→ DATA PROVIDED:
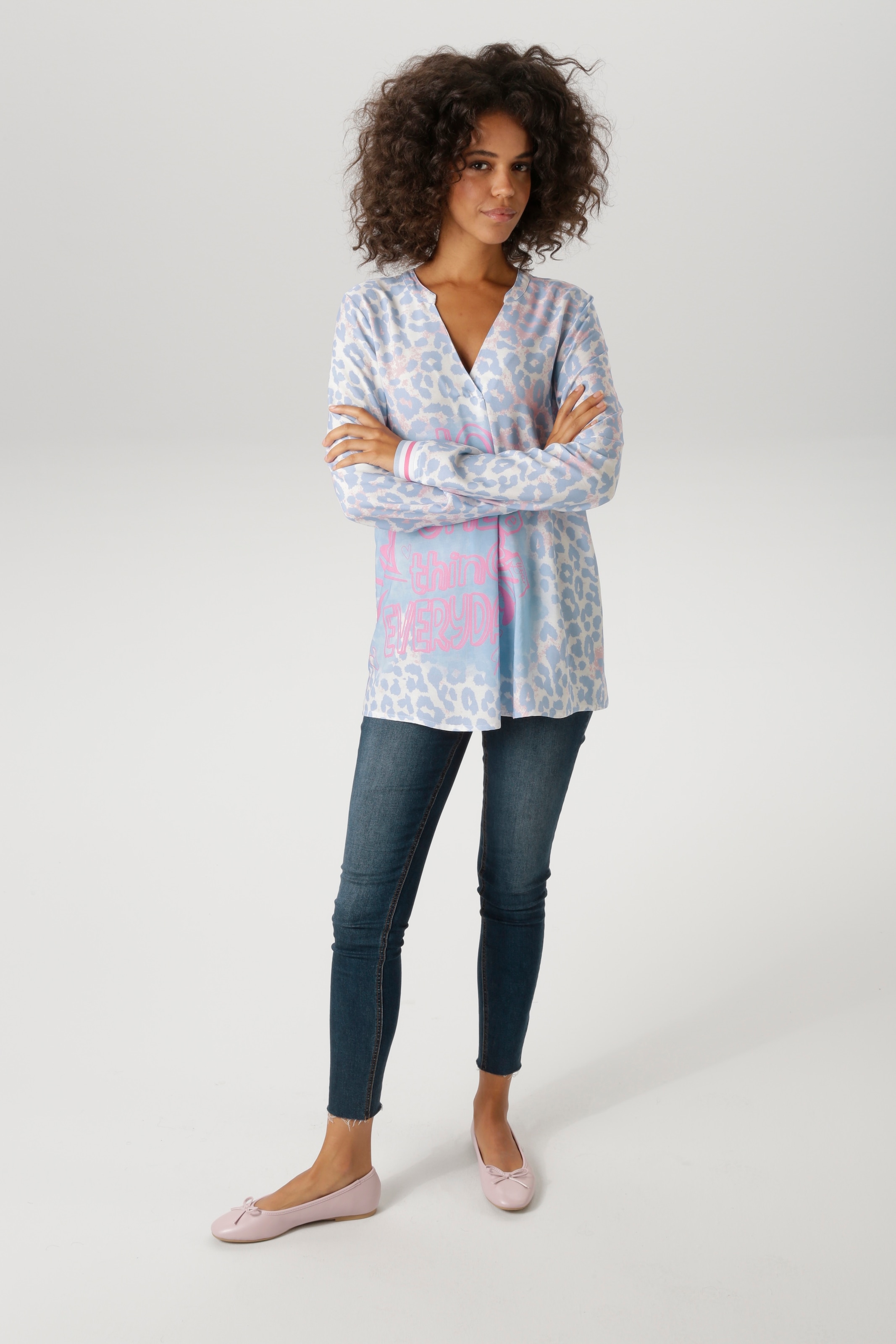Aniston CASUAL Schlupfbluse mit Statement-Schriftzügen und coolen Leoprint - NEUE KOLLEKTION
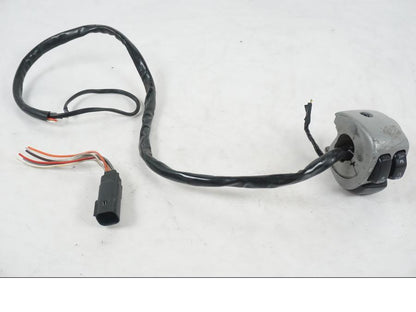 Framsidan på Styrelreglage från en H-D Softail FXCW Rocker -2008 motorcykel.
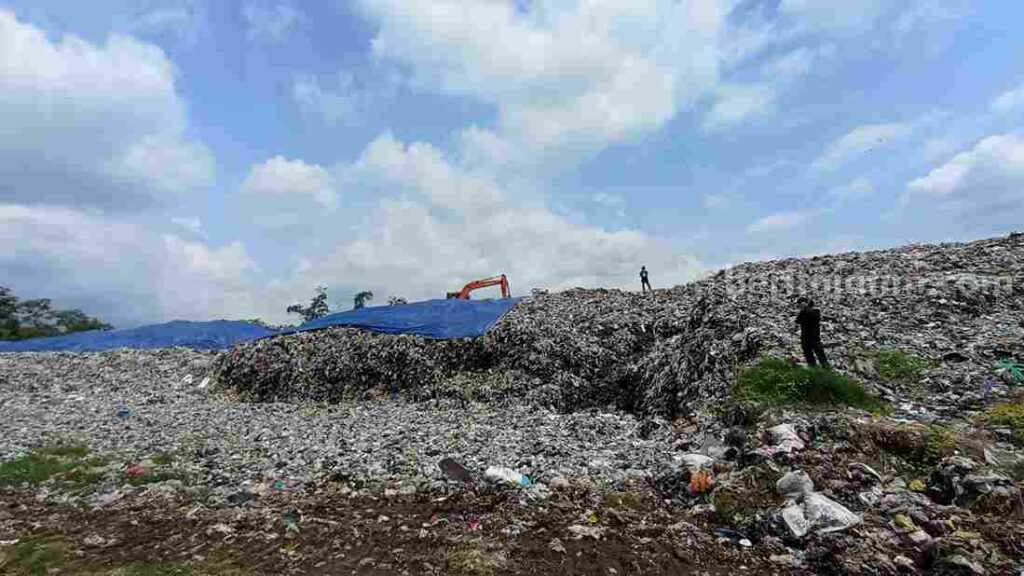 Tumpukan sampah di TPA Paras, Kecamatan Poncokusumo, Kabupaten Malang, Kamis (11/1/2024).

→ WORK TASK: Restate the listing above word for word, and skip the pictures.

→ WORKED SOLUTION:
Aniston CASUAL Schlupfbluse mit Statement-Schriftzügen und coolen Leoprint - NEUE KOLLEKTION
 Framsidan på Styrelreglage från en H-D Softail FXCW Rocker -2008 motorcykel.
 Tumpukan sampah di TPA Paras, Kecamatan Poncokusumo, Kabupaten Malang, Kamis (11/1/2024).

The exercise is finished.